**RECORDS TO PROCESS**:
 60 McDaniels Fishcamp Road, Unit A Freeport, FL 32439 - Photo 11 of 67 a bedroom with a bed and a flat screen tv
---
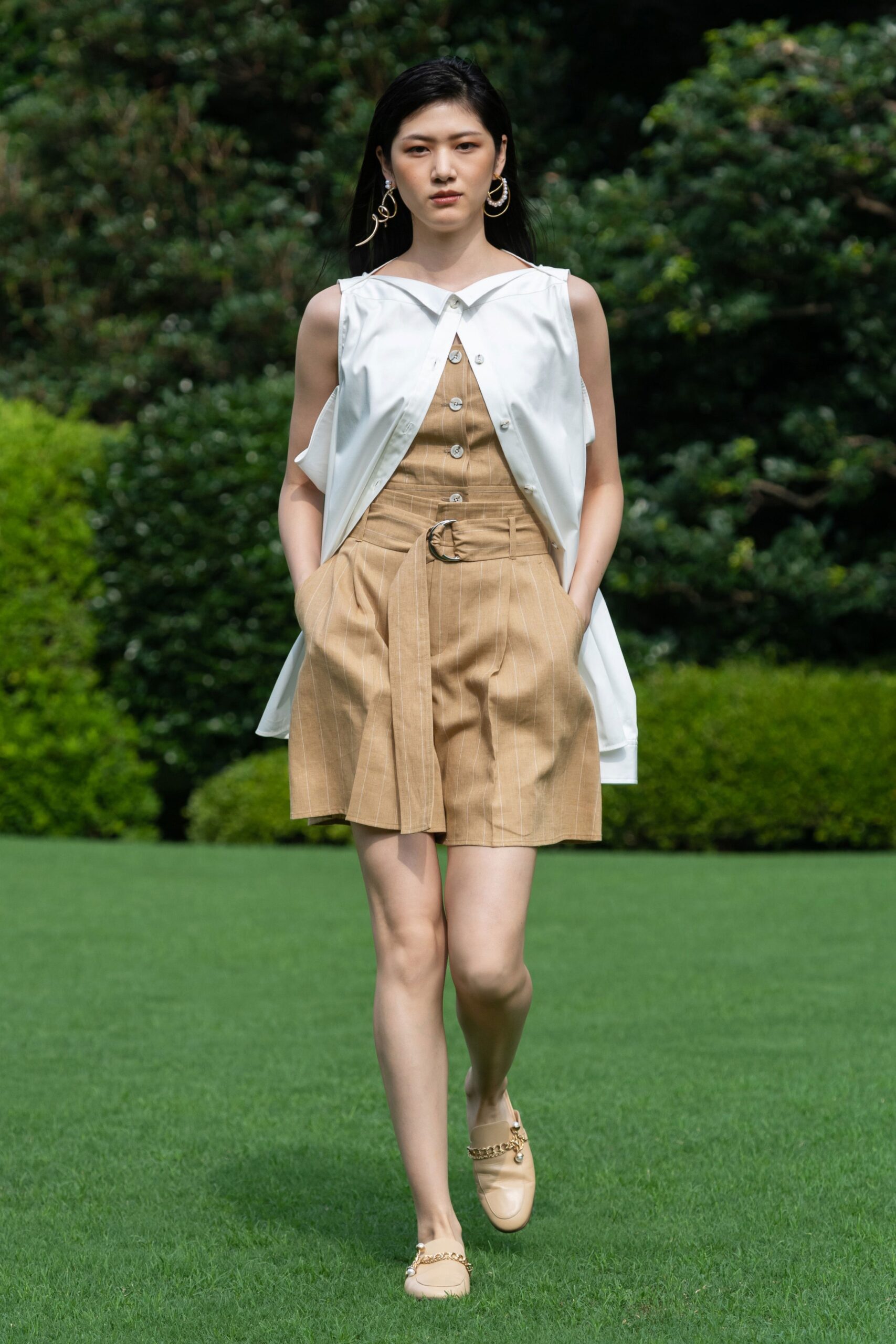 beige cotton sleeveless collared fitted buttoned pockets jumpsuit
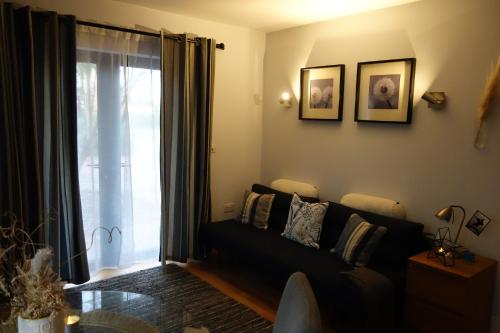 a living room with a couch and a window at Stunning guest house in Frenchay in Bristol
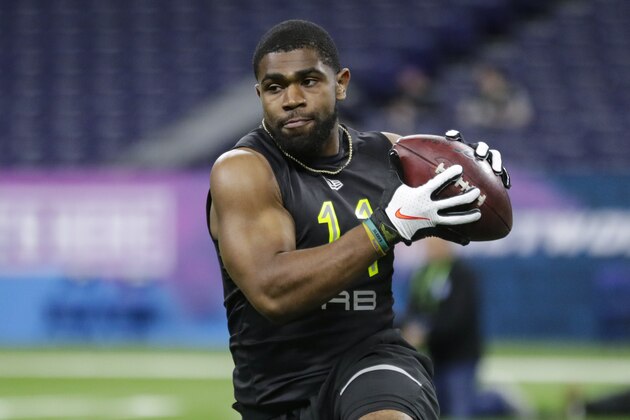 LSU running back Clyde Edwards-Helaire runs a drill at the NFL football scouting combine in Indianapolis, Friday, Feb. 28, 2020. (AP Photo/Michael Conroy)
* * *
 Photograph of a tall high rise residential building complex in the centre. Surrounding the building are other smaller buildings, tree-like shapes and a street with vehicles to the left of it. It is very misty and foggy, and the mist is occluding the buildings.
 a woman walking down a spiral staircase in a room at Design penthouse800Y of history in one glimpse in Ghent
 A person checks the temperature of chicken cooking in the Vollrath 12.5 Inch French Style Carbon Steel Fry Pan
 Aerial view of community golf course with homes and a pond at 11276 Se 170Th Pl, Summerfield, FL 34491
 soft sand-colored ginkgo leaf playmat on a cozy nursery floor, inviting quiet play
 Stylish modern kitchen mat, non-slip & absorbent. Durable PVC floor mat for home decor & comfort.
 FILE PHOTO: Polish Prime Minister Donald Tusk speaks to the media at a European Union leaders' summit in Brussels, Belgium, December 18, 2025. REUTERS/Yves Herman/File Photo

**DIRECTIONS FOR THIS TASK**: Looking at the data above, write out exactly the lines that start at the one containing "A person checks" and end at the one containing "FILE PHOTO: Polish"; include both and nothing beyond.

**EXERCISE RESPONSE**:
 A person checks the temperature of chicken cooking in the Vollrath 12.5 Inch French Style Carbon Steel Fry Pan
 Aerial view of community golf course with homes and a pond at 11276 Se 170Th Pl, Summerfield, FL 34491
 soft sand-colored ginkgo leaf playmat on a cozy nursery floor, inviting quiet play
 Stylish modern kitchen mat, non-slip & absorbent. Durable PVC floor mat for home decor & comfort.
 FILE PHOTO: Polish Prime Minister Donald Tusk speaks to the media at a European Union leaders' summit in Brussels, Belgium, December 18, 2025. REUTERS/Yves Herman/File Photo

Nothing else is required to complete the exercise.